Organometal Halide Perovskites Template Growth for Highly Efficient Light-Emitting and Photovoltaic Devices

Andrea Listorti

The control of Organometal Halide Perovskites (OHPs) formation is a fundamental requirement foreseeing the exploitation of these outstanding, eclectic materials in optoelectronics. OHPs, extensively used in solar cells[1] and light emitting diodes (PeLEDs)[2] are formed from solution, throughout a self-assembly process of their chemical precursors. The resulting polycrystalline film shows often a far from ideal behaviour, due to unsuitable morphology or to an elevated density of electronic defects, direct consequences of a scarcely controllable assembly. Based on our previous findings on the interaction between perovskite precursors and additives,[3-4] and particularly on the hydrogen bond effect upon such interactions, here we explore the use of a tailored biopolymer, the starch, as templating agent for the growth of formamidinium (FA)- and methylammonium (MA)-based tri-iodide perovskite films. We prove how the presence of the macromolecule leads to a fundamental technological advantage allowing a one-step deposition method of an optimum perovskite film, avoiding the complex solvent dripping or sequential two-steps method. Furthermore, it allows a fine tuning of the i) solution viscosity (making it compatible to different large area deposition techniques), of the ii) perovskite grain size and of the iii) film thickness, by simply adjusting the polymer:perovskite relative concentration. We validated our approach by embedding these composites in photovoltaic (PV) and light-emitting (PeLED) devices. As result we obtained an inverted, planar, low-temperature processed solar cell showing a remarkable 17% efficiency and a highly efficient LED (EQE of ~5%) exhibiting outstanding radiance values above 200 W/srŸm2obtained at very high currents (about 1000 mA/cm2) which are among the highest reported radiances for NIR PeLEDs.[5]

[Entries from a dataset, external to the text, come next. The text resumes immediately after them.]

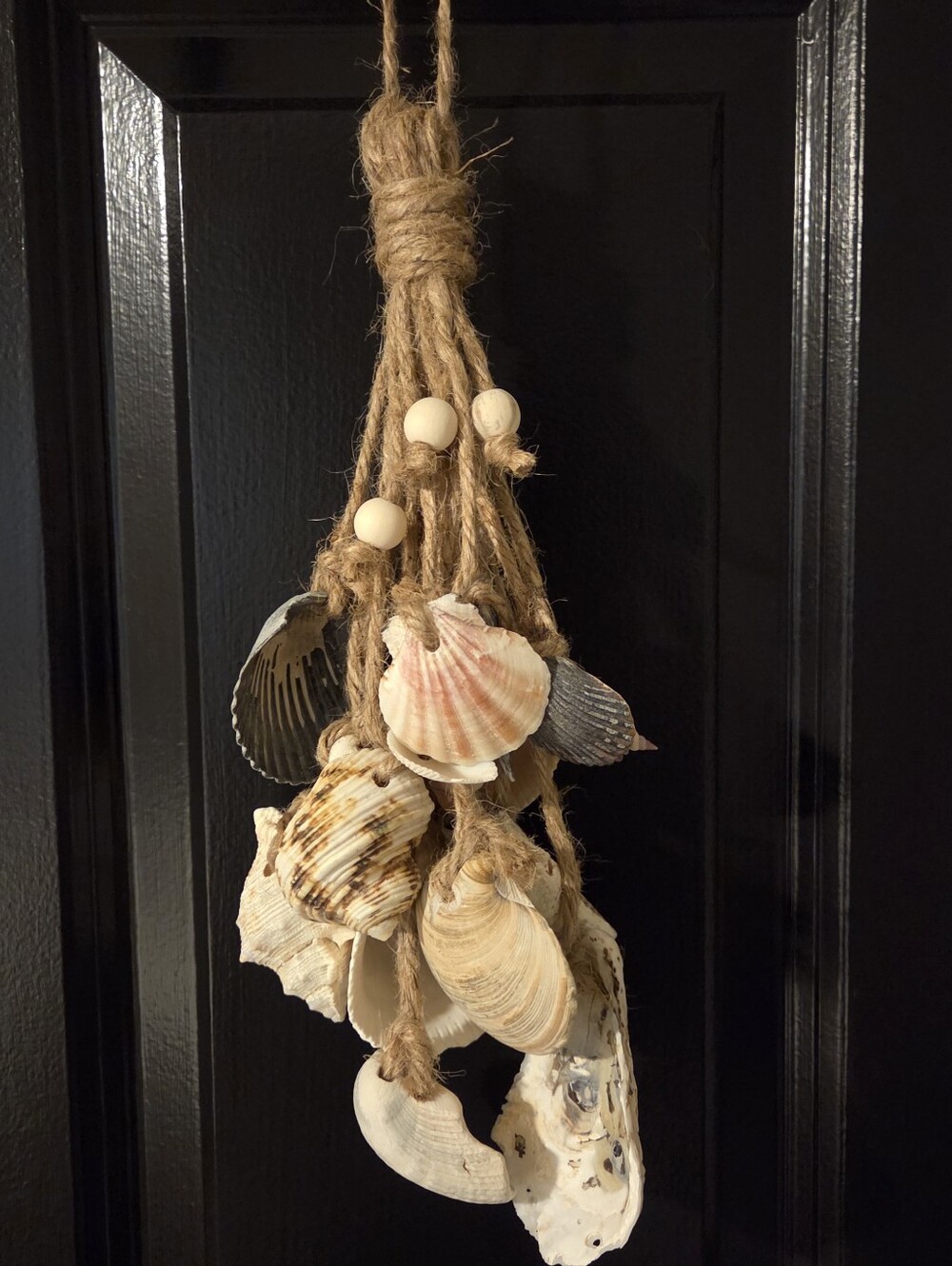 Natural Seashell Hanging Wall Decor in Beige and Cream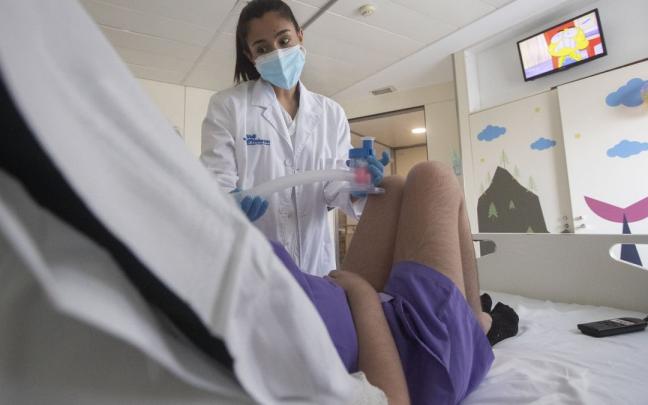 Saray padeci&oacute; una grave complicaci&oacute;n por una gripe A que oblig&oacute; a trasladarla 400 kil&oacute;metros por carretera.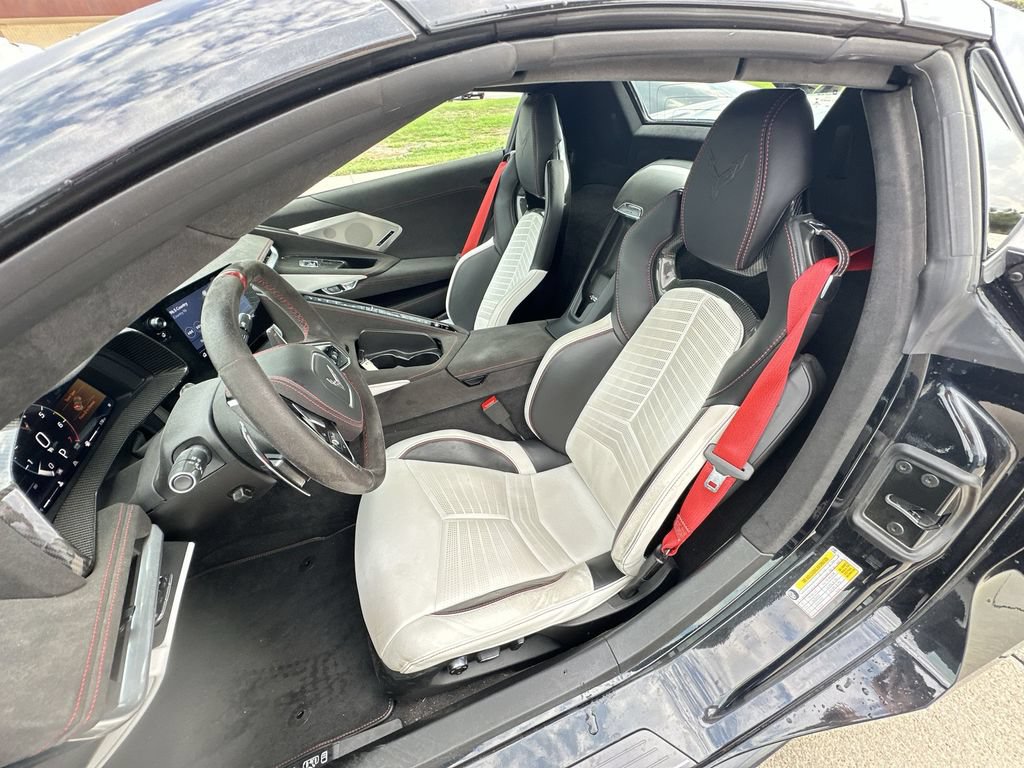 Certified 2023 Chevrolet Corvette Stingray Premium Conv w/ Z51 Performance Package RWD image 18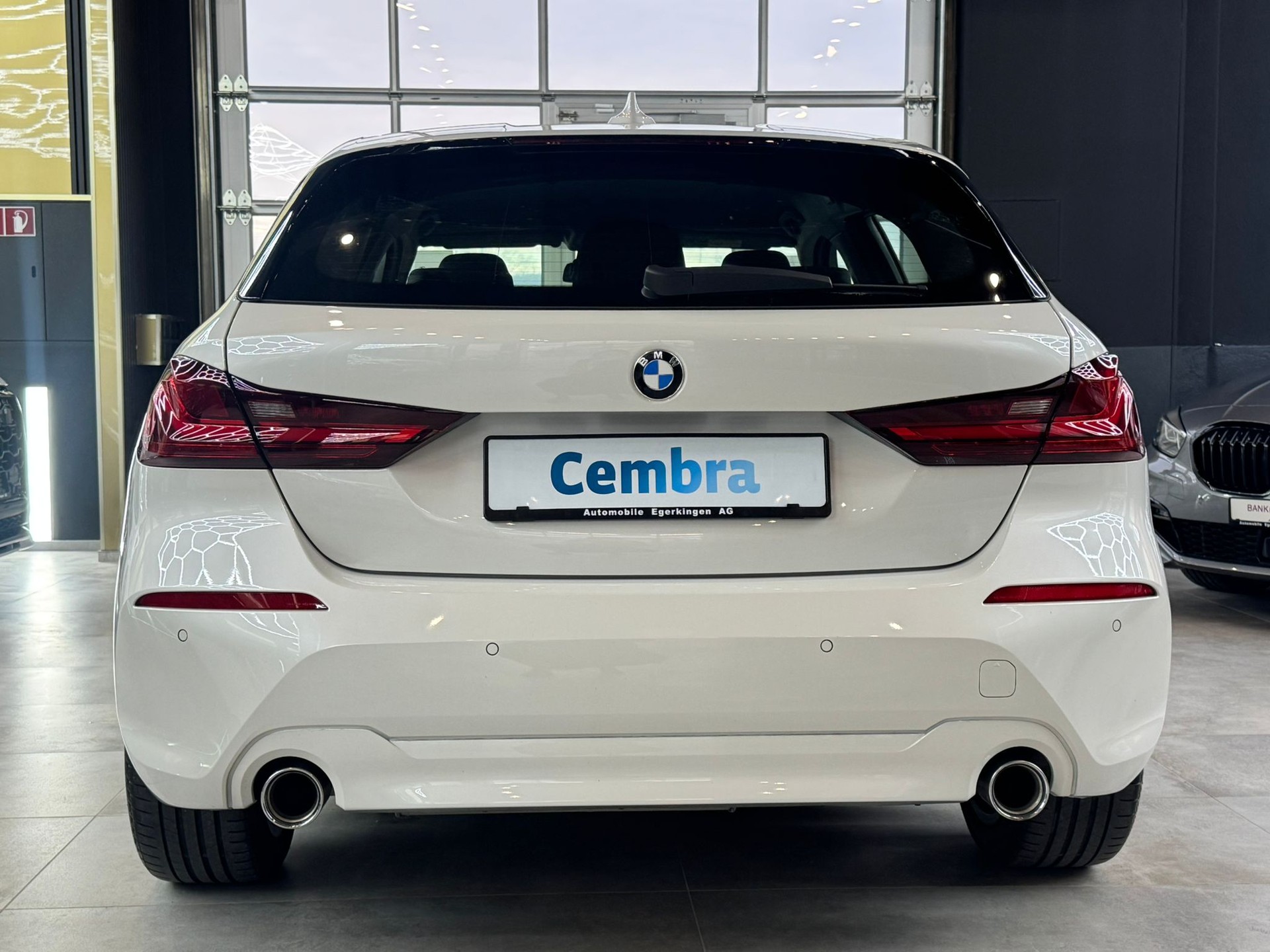 BMW 118d Steptronic-image-4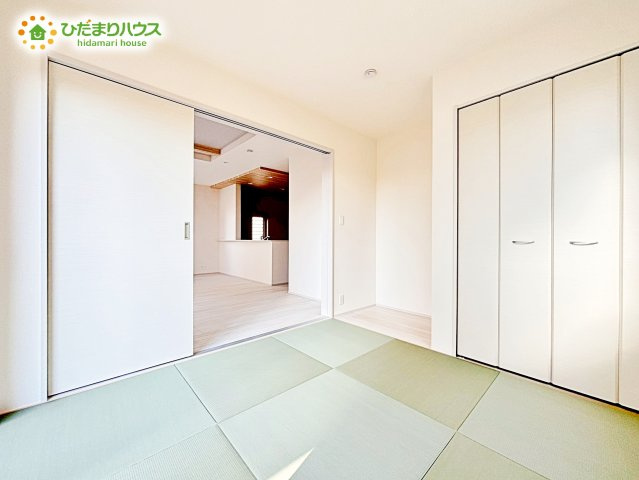 【和室】 | 水戸市千波町4期　新築戸建　１号棟 | リビングに隣接した和室は収納もしっかりと確保されています！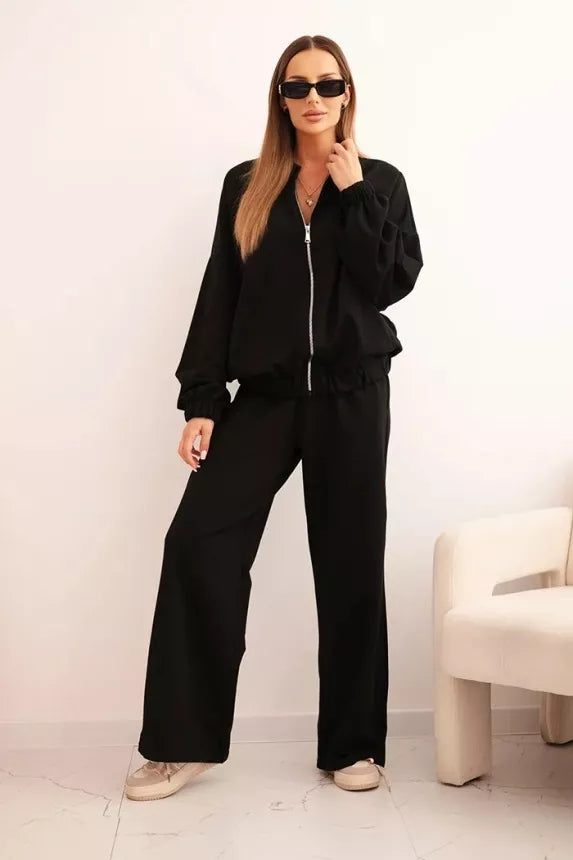 Women's black Fan set.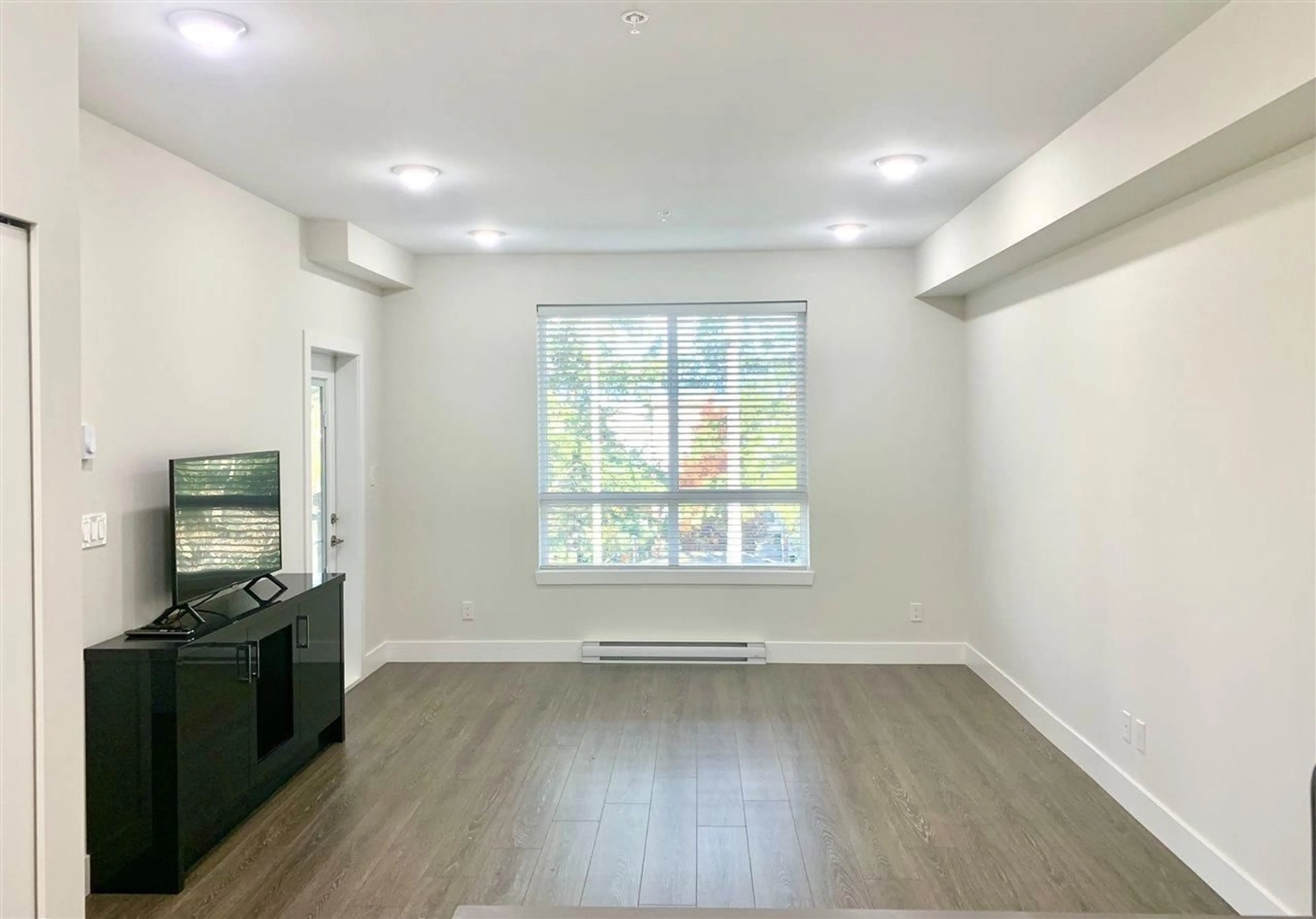 A pic of a room for 409 - 15351 101, Surrey British Columbia V3R0G2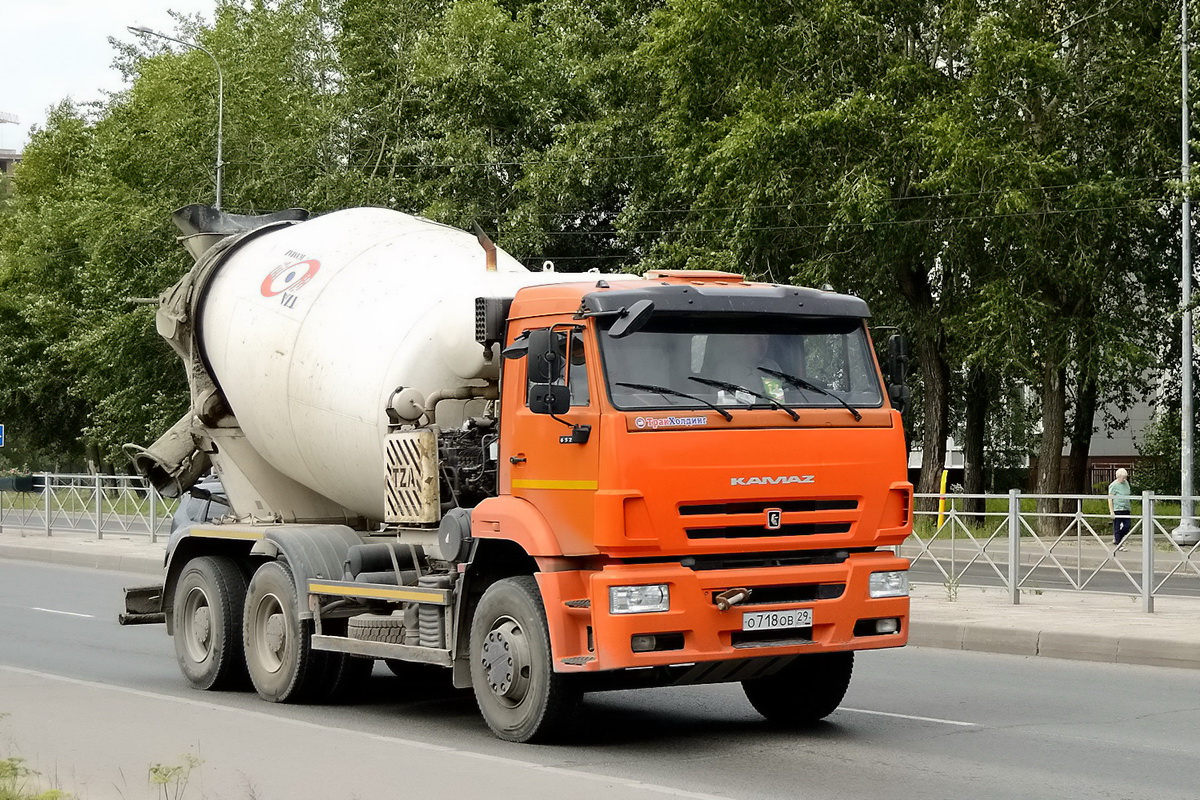 Архангельская область, № О 718 ОВ 29 — КамАЗ-6520 (общая модель)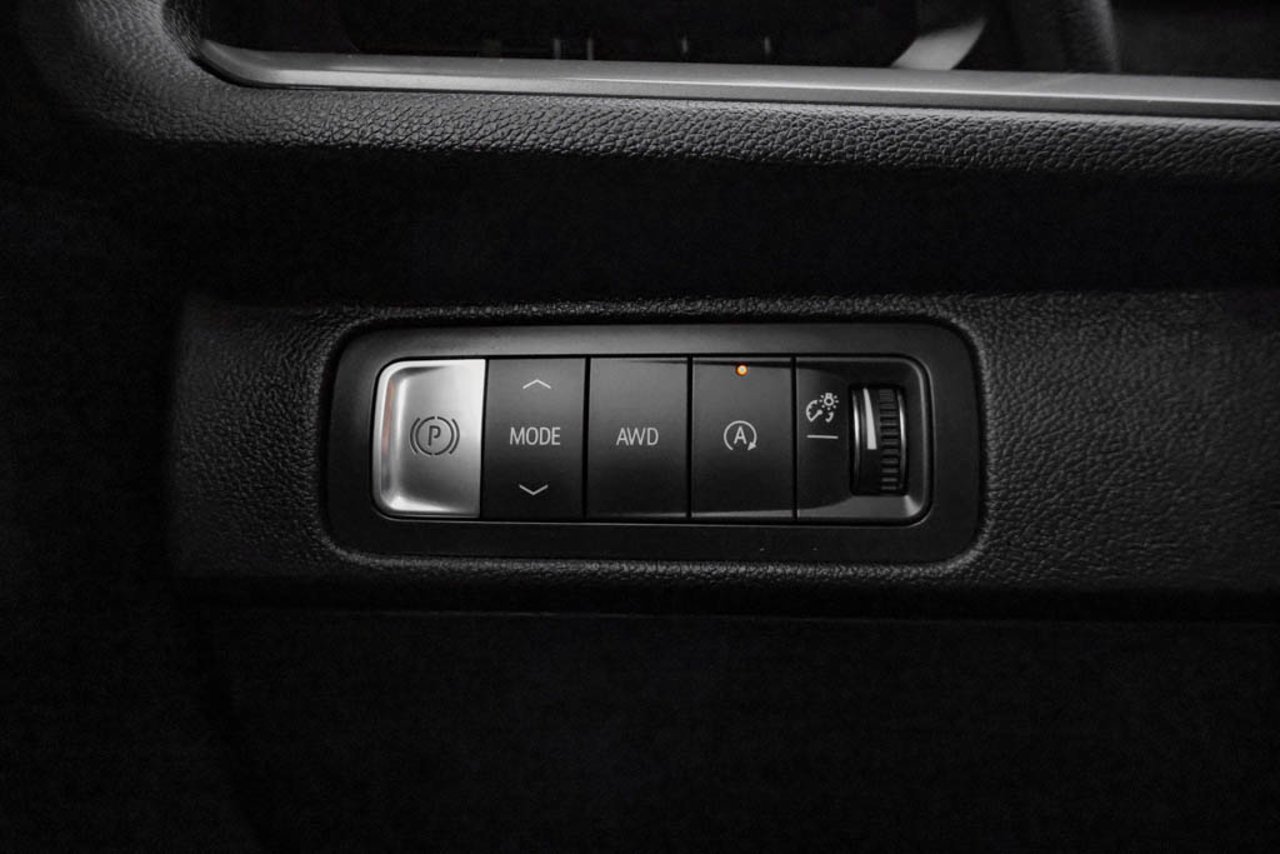 2025 Chevrolet Traverse AWD 4dr LT Black Sherwood Park - photo #17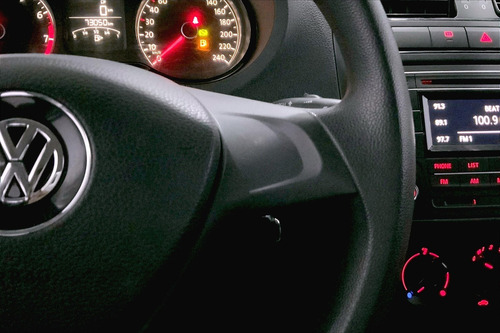 Imagen 22 de 25 de Volkswagen Vento Sedan 4 Pts Starline Ta A/ac Mp3 R-15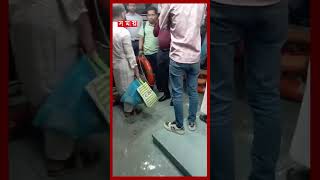 যাত্রীসহ মাঝ নদীতে ঝড়ের কবলে লঞ্চ #launch #river #storm #somoytv #shorts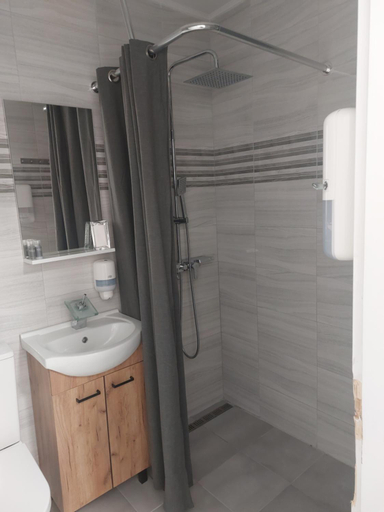 Bathroom, Aranysas bungallo, Balatonalmádi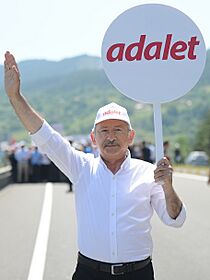 Archivo:Kemal Kılıçdaroğlu - Adalet Yürüyüşü crop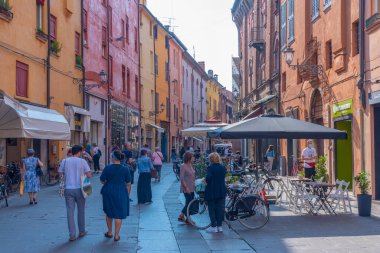 Ferrara, İtalya, 31 Ağustos 2021: İtalyan kenti Ferrara 'nın ticaret merkezinde sokak.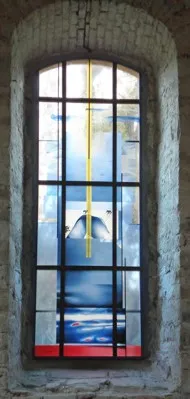 Das farbige Altarfenster der Wörmlitzer Kirche mit Petrusmotiv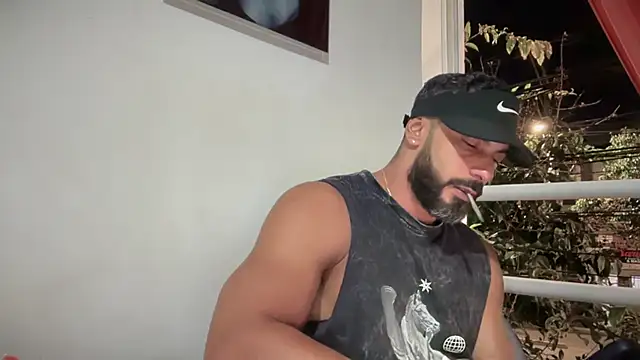 Snapshot of romeolovedark chatting on 11.01.25 romeolovedark online show from 11.01.25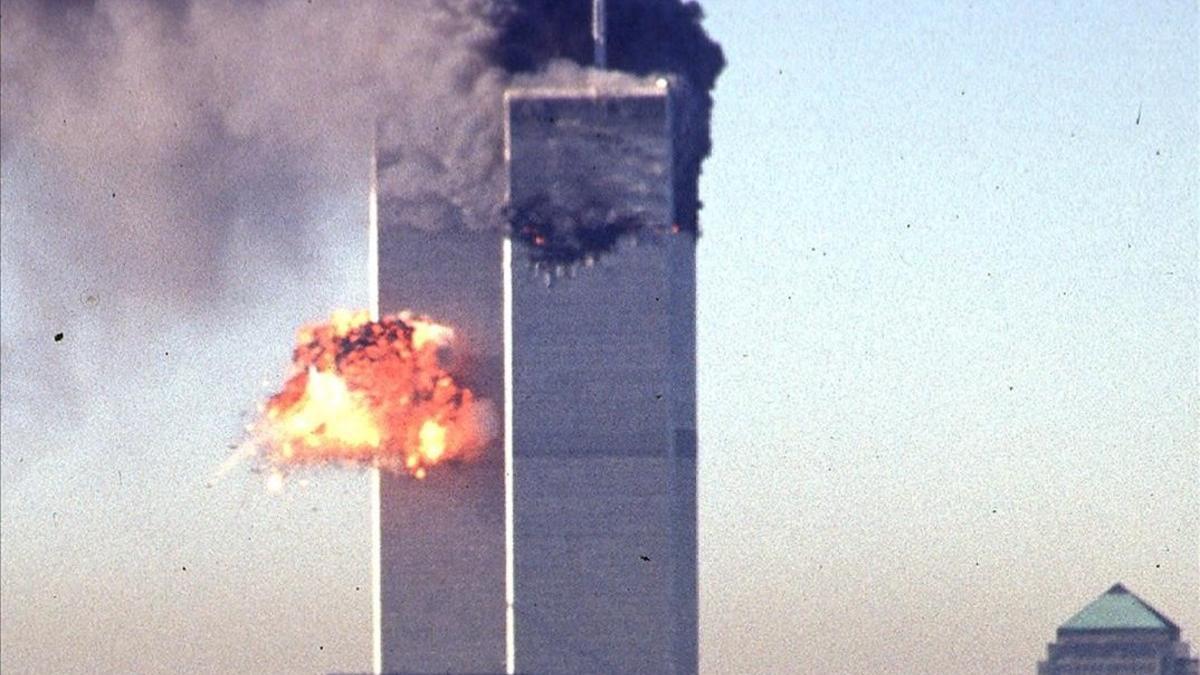 Un avión de pasajeros hace impacto en una de las torres del World Trade Center.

The nano and micro-structural changes, as a function of starch concentration, and their influence on optoelectronic properties were studied with SEM, XRD and advanced spectroscopic analyses, confirming that the device performances are strongly related to the composite (starch:perovskite) structure. The overall picture that emerged form the combined investigations is that the presence of starch influences: i) the interface properties within the device stack, ii) the crystallographic behaviour of the perovksite material, iii) the dielectric landscape surrounding the perovskite crystals, leading in case of the PeLED, to an overall enhancement of the perovskite light emission, a minimization of Auger losses at high current regimes, thus an improvement of the device capability in sustaining high carriers densities.[5]

 

Andrea Listorti acknowledges Regione Puglia and ARTI for founding FIR - future in research project “HyLight” project no. GOWMB21.